Looking back over the past year it’s hard to find an ordinary day. Depending on which calendar you use the year is crammed full with special days for everything under the sun. Into that crammed schedule Jews, Christians, Hindus, Muslims, Buddhists and hosts of other religious groups insert their own particular feasts and festivals.

Amongst the plethora of annual religious and secular special days are the weekly celebrations for those of us in the Jewish-Christian tradition – Shabbat or the Sabbath (sunset on Friday until sunset on Saturday) and the Lord’s Day (Sunday, from when we wake up until when we go to bed!) In an increasingly secular world these weekly feast days get lost or, if not lost, at least radically changed until they are barely recognisable as holy days.

 

David Klinghoffer is an articulate Orthodox Jew. It was not always so. In his spiritual memoir, The Lord Will Gather Me In – My Journey to Jewish Orthodoxy, he describes his upbringing in Reformed (liberal) Judaism, his flirtations with Christianity, his anxious searching for his Jewish roots and his homecoming to Orthodox Judaism. His writings have all the marks of a convert who has given up smoking, and his cavalier treatment of liberalism, which he sees as the slippery slope to secularism, is only one of many dogmatic positions he espouses.
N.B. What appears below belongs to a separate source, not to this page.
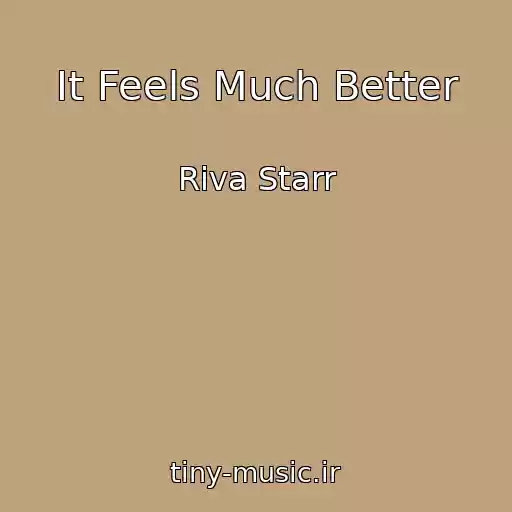 کاور آهنگ It Feels Much Better از Riva Starr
Nevertheless, his recall of a conversation with a certain liberal Rabbi, Rabbi Dinnerstein, on what is important for Judaism, set me thinking about the question of the Sabbath and Sunday in our almanac of feast days and festivals.

Says Klinghoffer: “Rabbi Dinnerstein believes that there are moral absolutes in the Torah (the firsts five books of Moses).” Answering Klinghoffer’s request for elucidation, the Rabbi replied: “I think keeping Shabbat is a bottom line responsibility, but how I keep Shabbat, that’s up for negotiation.”

That remark led me to pick up Stephen Miller’s The Peculiar Life of Sundays. It’s a lively history of how the Lord’s Day has exercised its hold on countless numbers of us over the past 2000 years. Unlike Shabbat, which springs from the divine command in the Torah, the Lord’s Day arose as a celebration in miniature of Easter Day and in that regard recaptures, on a weekly basis, one of the great annual Christian festivals. As such, Christians have regarded it historically as a “bottom line responsibility.” But, like Rabbi Dinnerstein’s Shabbat, Sunday is increasingly “up for negotiation.”

In his fascinating survey of Sunday, Stephen Miller traces its historical roots and the conflicts observance of the day has engendered. Catholics and Protestants, Church and State, fundamentalists and liberals, high Church and low Church parties, not forgetting Seventh Day Adventists with their Sabbatarian polemic, have all contributed to Sunday’s bad press. “Gloomy Sunday” has entered the vocabulary of artists and writers, many of who depict or describe Puritan or Victorian Sunday as dolorous affairs.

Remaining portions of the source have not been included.